Chapter 6 - Nash
*It sold the story.*
Right.
The story.
Because that's all this is. A story. A performance. Something we're both pretending is real so her parents will back off.
I knew that going in. Knew it when I said yes. Knew it when I put my hand on her waist, on her knee, when I told her parents she was beautiful.
Knowing it doesn't make it hurt less.
I fold myself into the passenger seat of her car and stare straight ahead while she gets in the driver's side. The engine starts, and we pull out of the parking lot in silence.
*The best thing that's happened to me since I moved here.*
She'd said it so convincingly. Looked right at her father with her chin up and her voice steady and said it like she meant every word.
And for a few seconds, a few stupid, dangerous seconds, I'd let myself believe it was real.
That she wasn't just selling a story. That she actually meant it.
Hope kills.
I learned that a long time ago, in a burning building when I'd hoped my captain would make it out and he didn't. Learned it again when I'd hoped my body would hold up for a few more years and it gave out instead.
Should've learned it well enough not to hope that Claire Taylor could ever actually want someone like me.
"You okay?" she asks, breaking the silence.
"Fine."
"You're quiet."
I'm always quiet. But I don't say that.
The road stretches out ahead of us, dark except for the sweep of her headlights. Fields on either side. No other cars. Just us and the hum of the engine and the weight of everything I can't say sitting heavy in my chest.
"Thank you again," she says. "For tonight. I know that was probably awful for you."
"It was fine."
"My parents were—"
"They care about you. They're worried. It's not a crime."
She glances over at me. "You don't have to defend them."

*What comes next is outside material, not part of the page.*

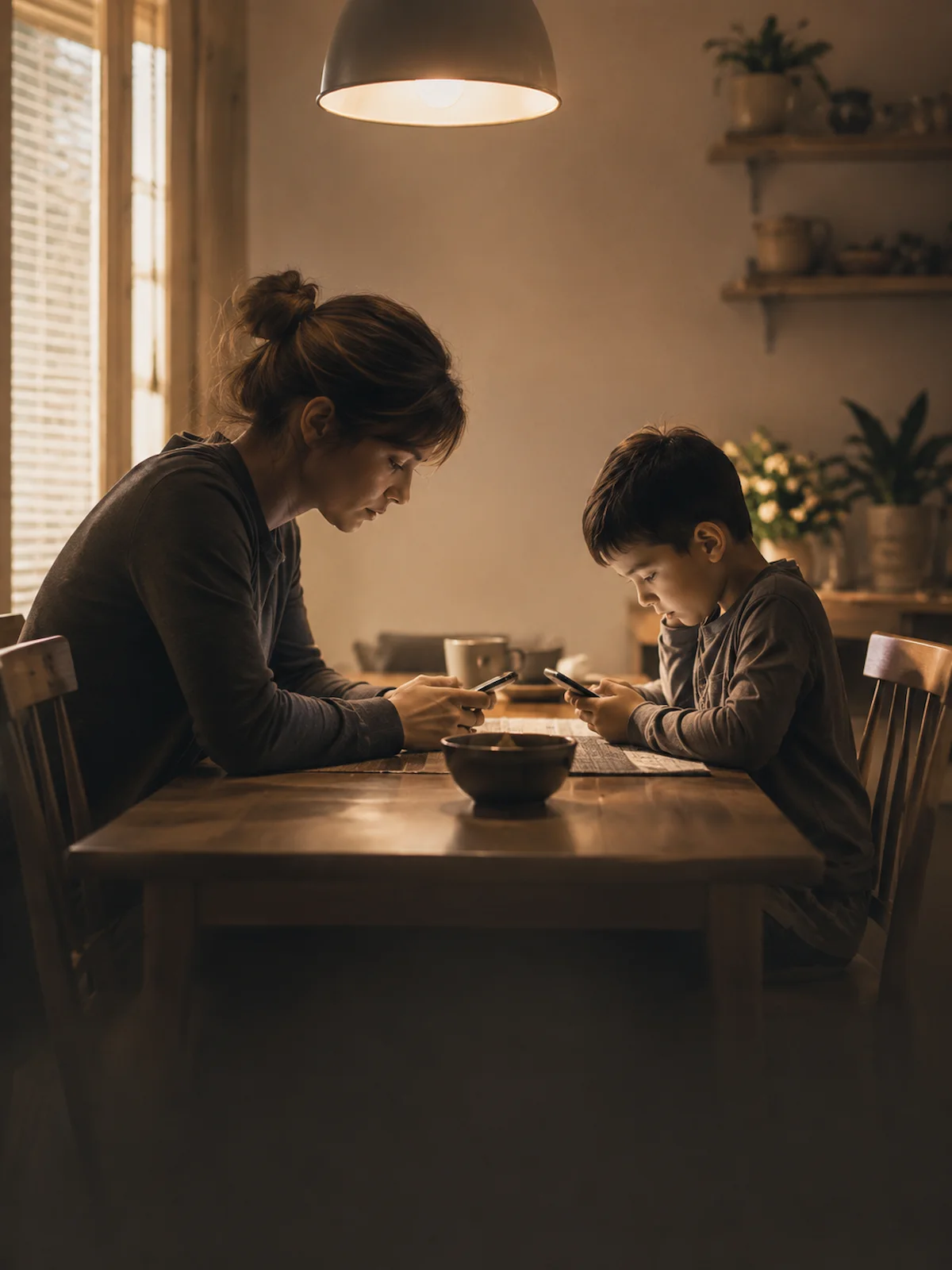 Mãe e filho à mesa, cada um com seu celular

"I'm not defending them. I'm just saying I get it." I look out the window at the darkness. "You're their daughter. They want what's best for you. They think that's the city and a corporate job and someone who—"
I stop.
"Someone who what?" she prompts.
*Someone who's not me.*
Someone younger. Richer. Someone with a future instead of a past. Someone whose body isn't held together with scar tissue and whose nightmares don't wake him up at three a.m. in a cold sweat.
"Someone they approve of," I finish.
"Well, they don't get to decide who I date," she says firmly. "Real or fake."
Real or fake.
There it is again. The reminder. The line I'm not supposed to cross.
"No," I agree. "They don't."
More silence.
I should say something. Make conversation. That's what normal people do when they're stuck in a car together for forty-five minutes. But I don't trust myself right now. Don't trust that I won't say something I can't take back.
Like how sitting next to her at dinner was the best part of my week.
Like how when she stood up to her parents, I wanted to pull her into my lap and kiss her until she forgot they existed.
Like how paying for dinner wasn't about playing a role, it was about the fact that no one talks to her that way while I'm sitting right there.
Like how I'd do it again tomorrow. And the day after. And every day she'd let me.
The car makes a sound.
A bad sound.
A stuttering, coughing sound that I know from two decades of driving beat-up fire trucks that were held together with prayer and duct tape.
"What was that?" Claire asks, her hands tightening on the wheel.
"Not sure. Might be—"
The engine cuts out.
Just dies, right there in the middle of the dark country road.
The headlights stay on for a few seconds, then fade. The dashboard goes dark. Everything stops except the sound of Claire saying "no, no, no, no" under her breath as she steers the car to the side of the road.
We roll to a stop on the shoulder.
Silence.
"Shit," Claire says. She turns the key. Nothing happens. "Shit, shit, shit."
"Pop the hood."
"What?"
"The hood. Pop it."
She fumbles around until she finds the release, and I get out of the car. My knees protest. They always do after being cramped in a small space, but I ignore them and make my way to the front of the car.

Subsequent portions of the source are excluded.